All Web Analytics Tools Are the Same (when it comes to data capture)
I started to write a post on using web analytics tools — Google Analytics, specifically, but with a nod to Webtrends as well — to track traffic to custom tabs and interactive elements on Facebook pages. But, as I started thinking through that content, I realized that I needed to back up and make sure I had a good, clean explanation of a key aspect of the mechanics of page tag-based web analytics tools. I poked around on the interweb a bit and found some quick explanations that were accurate, but that really weren’t as detailed as I was hoping to find.
Regardless of whether you’re trying to track Facebook or not, it’s worth having a good, solid understanding of these underlying mechanics:
- If you’re a web analyst, understanding this is like understanding gravity if you’re a human being — there are some immutable laws of the internet, and knowing how those laws drive the data you are seeing will open up new possibilities for capturing activity on your site
- If you’re a developer, then this will be a quick read, but understanding it will make you the hero to both your web analysts and (assuming they’re not glory hogs) the people they support with their analysis, because you will be able to suggest some clever ways to capture useful information
By the end of this post, you should understand both the title and why the URLs I listed below are what make it so:
- Google Analytics = http://www.google-analytics.com/__utm.gif
- Webtrends = http://statse.webtrendslive.com/<ID>/dcs.gif
- Sitecatalyst = https://<custom domain>/b/ss/<account name>/1/<code version>/<random ID>
- Coremetrics = http://<custom domain>/cm or http://<custom domain>/eluminate
I’ve been deep under the hood with both Google Analytics and Webtrends for this, but the same principles apply to all tools (because they’re all bounded by the Physics of the Internet). I’m going to talk about Google Analytics the most in-depth, because it has the largest market share (measured by number of sites tagged with it), and I’ll try to call out key differences when appropriate.

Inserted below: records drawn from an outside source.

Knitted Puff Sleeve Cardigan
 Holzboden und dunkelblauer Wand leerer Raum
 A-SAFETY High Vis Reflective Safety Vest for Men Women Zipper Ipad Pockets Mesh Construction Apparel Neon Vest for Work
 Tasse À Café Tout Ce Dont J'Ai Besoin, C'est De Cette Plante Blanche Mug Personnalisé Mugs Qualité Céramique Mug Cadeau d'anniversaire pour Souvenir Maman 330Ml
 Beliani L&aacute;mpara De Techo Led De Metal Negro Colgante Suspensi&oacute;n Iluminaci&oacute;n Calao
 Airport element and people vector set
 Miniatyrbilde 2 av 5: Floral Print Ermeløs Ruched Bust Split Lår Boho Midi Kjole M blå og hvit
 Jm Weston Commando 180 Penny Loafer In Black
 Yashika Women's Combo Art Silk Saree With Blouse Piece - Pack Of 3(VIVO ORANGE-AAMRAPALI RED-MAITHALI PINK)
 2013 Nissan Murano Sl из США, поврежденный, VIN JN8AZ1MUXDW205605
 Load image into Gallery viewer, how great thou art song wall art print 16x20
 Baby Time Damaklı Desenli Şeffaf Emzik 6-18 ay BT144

Let’s start with a simple picture of how all of these tools work. When a visitor comes to a page on your site, the following sequence of events happens:
Steps 2 and 3 are really the crux of the biscuit, but we need to make sure we’re all clear on the first step, too, before getting to the fun there.
- Site = www.gilliganondata.com
- Page title = The Fun of Facebook Measurement
- Page URL = /index.php/2010/01/11/the-fun-of-facebook-measurement/
- Browser language = en-us
Converting that info into a single string is pretty straightforward. Let’s start by pretending we’re going to put it into a single row in a pipe-delimited file. It would look like this:
Site (hostname) = www.gilliganondata.com | Page name = The Fun of Facebook Measurement | Page URL = /index.php/2010/01/11/the-fun-of-facebook-measurement/ | Browser language = en-us
Now, rather than using the pretty, readable names for each of the four characteristics of the page view, let’s use some variable names (these are the Google Analytics variable names, but the documentation for any web analytics tool will provide their specific variable names for these same things):
- Site (hostname) –> utmhn
- Page title –> utmdt
- Page URL –> utmp
- Browser language –> utmul
So, now our string looks like:
utmhn = www.gilliganondata.com | utmdt = The Fun of Facebook Measurement | utmp = /index.php/2010/01/11/the-fun-of-facebook-measurement/ | utmul = en-us
We used pipes to separate out the different variables, but there’s nothing really wrong with using something different, is there? Let’s go with using “&” instead and eliminate the spaces around equal signs and the delimiters. The single string now looks like this:
utmhn=www.gilliganondata.com&utmdt=The Fun of Facebook Measurement&utmp=/index.php/2010/01/11/the-fun-of-facebook-measurement/&utmul=en-us
Now, we’ve still got some “special” characters that aren’t going to play nice in the Step 3 — namely spaces and “/”s, so let’s replace those characters with the appropriate URL encoding (%20 for the spaces and %2F for the “/”s):
It looks a little messy, but it’s a single, portable string that has the exact information that was listed in the four bullets that started this section. While it might be painful to reverse-engineer this string into a more reader-friendly format by hand, it’s a snap to do programmatically (which is exactly what web analytics tools do…as we’ll discuss in step 4) or in Excel.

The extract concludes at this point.